2. Simple Achitecture of Working Application
In Normal Architecture,
Client Request the data -> Server check for the Data in the Cache -> Cache Hit: Reponse returns very Fast. (In case of Cache Miss -> Fetches the data from DB and then also stores in Cache).
Everything works normally, till the Time Cache TTL expires.
3. Where it occurs Commonly
3.1 Caching Systems (Most Common)
Redis
API response caching
Happens specifically when TTL Expires then the Entire Load increases to DB.
3.2 Databases
Many clients querying same row
Expensive aggregation query
3.3. Load Balancers
- When servers recover and all traffic is routed back instantly
4. Cache Expiry(Real Life Example)
Let's say you are caching a IPL Match data for 5 minutes. So, TTL = 5 minutes = 300 seconds.
Lets suppose 1,00,000 Users are watching the match score. At the instant of 300th second, cache data expires so all 1,00,000 request will hit a Cache Miss simultaneously, and all these requests will hit the Database, which suddenly increase the DB Load causing it to crash, here we can say we hit a Thundering Herd Problem.
5. What actually happens (How Traffic overloads the system)
6. Why is it dangerous for Distributed System
In a distributed system:
Multiple app servers
Auto-scaling
Shared DB
Shared cache
6.1 Problems:
Every app server independently sees the Cache Miss.
Each server triggers the DB Call.
Loads on the DB get multiplied suddenly.
For an Instance let's say you have 10 servers: where each server get approx. 1,00,000 requests. So here in case of Cache Miss you don't get 1,00,000 DB hits you actually get 10,00,000 DB hits simultaneously.
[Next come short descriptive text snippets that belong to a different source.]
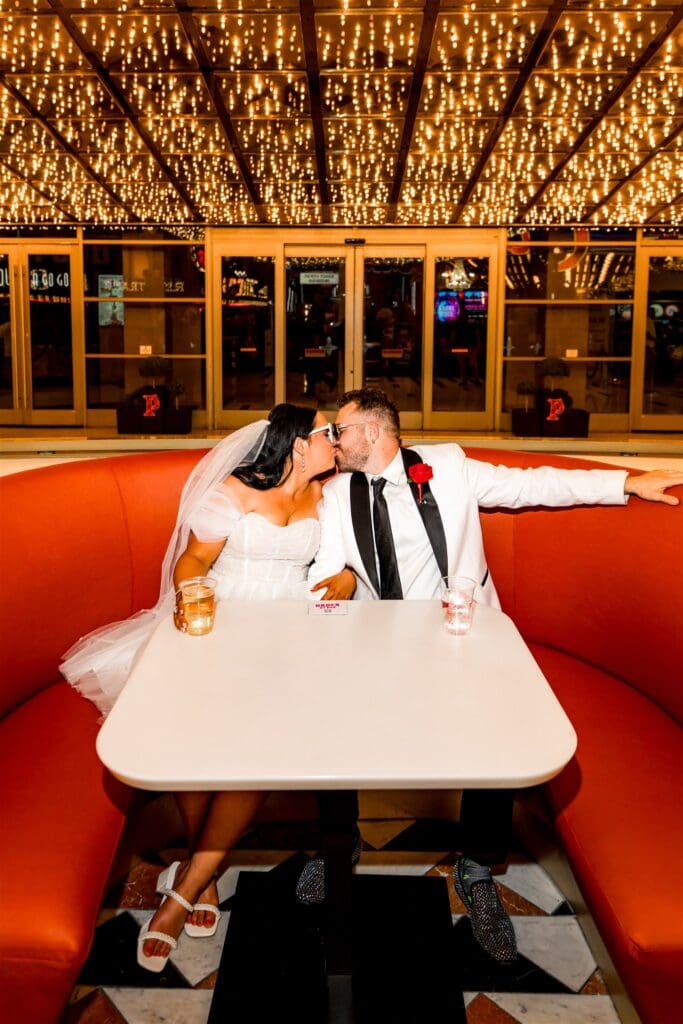 Couple celebrating there elopement with drinks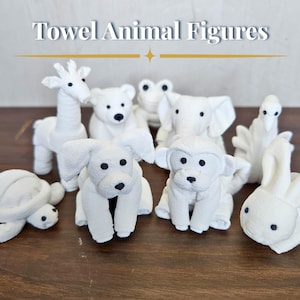 May include: A collection of white towel animal figures, including a giraffe, bear, frog, elephant, dog, monkey, turtle, swan, and rabbit. The figures are arranged on a brown surface. The text "Towel Animal Figures" is at the top.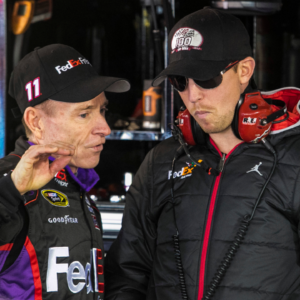 NASCAR Sprint Cup Series driver Mark Martin (11) talks with injured NASCAR Sprint Cup Series driver Denny Hamlin during practice for the STP Gas Booster 500 at Martinsville Speedway.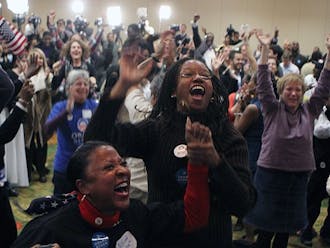 Local Democrats cheers as results roll in, showing a victory for President Barack Obama.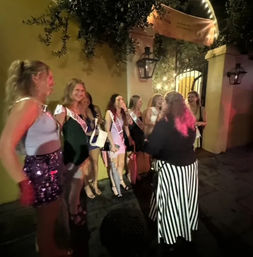 Group of women wearing sashes laughing and posing outside a lit arched entrance with lanterns on a lively downtown sidewalk at night — bachelorette night out.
This sudden amplications in distributed sytem is very dangerous.
7. Difference between normal spike vs thundering herd
Normal Traffic Spike | Thundering Herd |
1. Traffic increases gradually. | 1. Sudden synchronized Traffic Burst on the system. |
2. Caching works normally and handle the User Requests. | 2. All the Caches expires/fail at the same time resulting in sudden increase in DB Hits. |
3. System scales easily. | 3. System collapses. |
4. This is predictable. | 4. Very hard to Predict. |
Key Difference:
Normal Traffic Spike = Load gradually increases.
Thundering Herd = Synchronized burst caused by system behaviour.
8. Impact on System Components
8.1 CPU
Thread pool exhausted
Context switching increases
System thrashes
8.2 Database
Too many connections
Slow queries
Lock contention
Deadlocks possible
8.3 Cache
Stampede on rebuild
Memory pressure
Increased miss rate
8.4 Latency
Response time spikes
Timeouts
Cascading failures across services
9. Techiniques to prevent or reduce it
9.1 Request Coalescing (Single Flight)
If the system experience sudden 1000 Request for the same data, then Only the First request get access to fetch the data from DB, while other 999 requests wait for the data.
Here rather then 1000 sudden DB Request, you only get 1 DB Request.
9.2 Cache Locking and Mutex
If particular request wants to fetch the data, then first:
It need to acquire a lock.
Only the Lock holder can rebuild the cache.
While other waits for the cache to get updated and being served the stale data.
This mechanism is commonly used in Redis-Based System.
9.3 Staggered Expiry (Jitter / Randomized TTL)
Normally all the Cache sytem have same TTL Expiry as a result they all expired at the same thus increases the DB Load.
Instead of using TTL = 300 seconds for all Keys,
We use TTL = 300 + random(0-30) seconds
Now all the system will have different expiry this preventing the Synchronized expiry. Makes the sytem stable.
9.4 Exponential Backoff
If the client request fail at the first instant, then client retries after:
- 1 sec, 2 sec, 4 sec, 8 sec and so on.
This prevents sudden increase in the System Load for Retrying mechanism.
9.5 Rate Limiting
Apply Limits on:
Request per user.
Request per IP.
Global System Throughput.
This prevents the sudden increase in Traffic which will in System Collapse.